Thursday, November 18, 2004

Thinking I'd just add another link to the old link-bar

I discovered what promises to be a good bit of Sci-Fi online: The Great Explosion, by Eric Frank Russell.

Here are the first three paragraphs of the


WHEN AN EXPLOSION takes place lots of bits and pieces fly all over the scenery. The greater the wallop the larger the lumps and the farther they travel. These are fundamental facts known to every schoolchild old enough to have some sneaky suspicions about the birds and the bees. They were not known or perhaps they were not fully realized by Johannes Pretorius van der Camp Blieder despite the fact that he was fated to create the biggest bang in human history.
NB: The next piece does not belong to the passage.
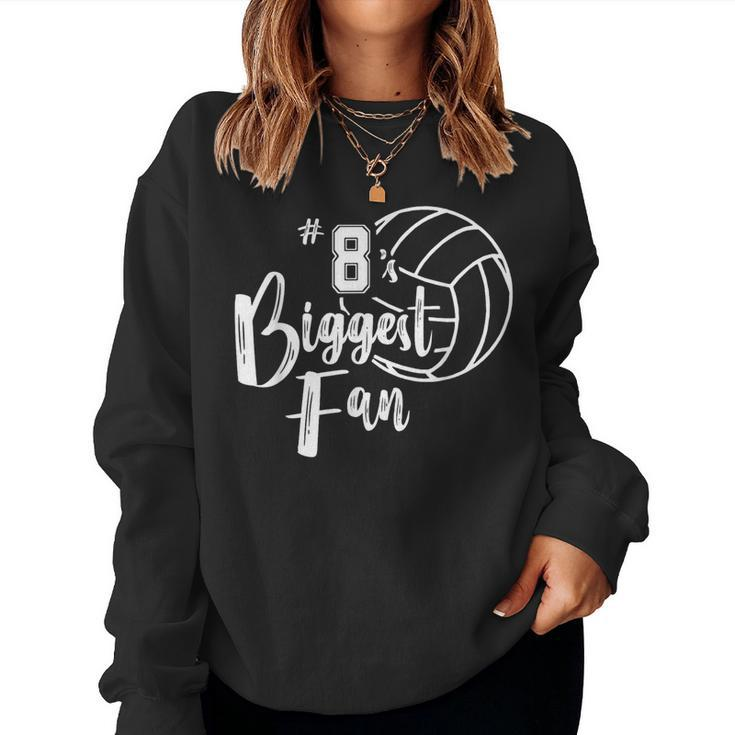Eight 8'S Biggest Fan Volleyball Mom Volleyball Dad Women Sweatshirt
Johannes Etc. Blieder was a lunatic of the same order as Unk (who first made fire), Wunk (who designed the wheel), Galileo, Leonardo da Vinci, the Wright Brothers and many others who have outraged orthodoxy by achieving the impossible. He was a shrimp of a man with a partly bald head, a ragged goatee beard and weak, watery eyes hugely magnified by pebble-lensed spectacles. He shuffled around on splayed feet with the gait of a pregnant duck, had been making glutinous sniffs since birth and never knew where to put his hand on a handkerchief.

Of academic qualifications he had none whatever. A spaceship bound for the Moon or Venus could thunder overhead as such ships had done for a thousand years and he would peer at it myopically without the vaguest notion of what pushed it along. What's more, he wasn't the least bit interested in finding out. Four hours per day, four days per week, he sat at an office desk. The rest of his time was devoted wholly and with appalling single-mindedness to the task of levitating a penny. Wealth or power or shapely women had no appeal to him. Except when hunting a handkerchief his entire life was dedicated to what he deemed the ultimate triumph, namely, that of being able to exhibit a coin floating in mid-air.

Now you know almost as much as I do. It won't take you long to pass me, since I don't have a whole lot of spare time these days, and I haven't mastered photoreading yet (assuming it's possible).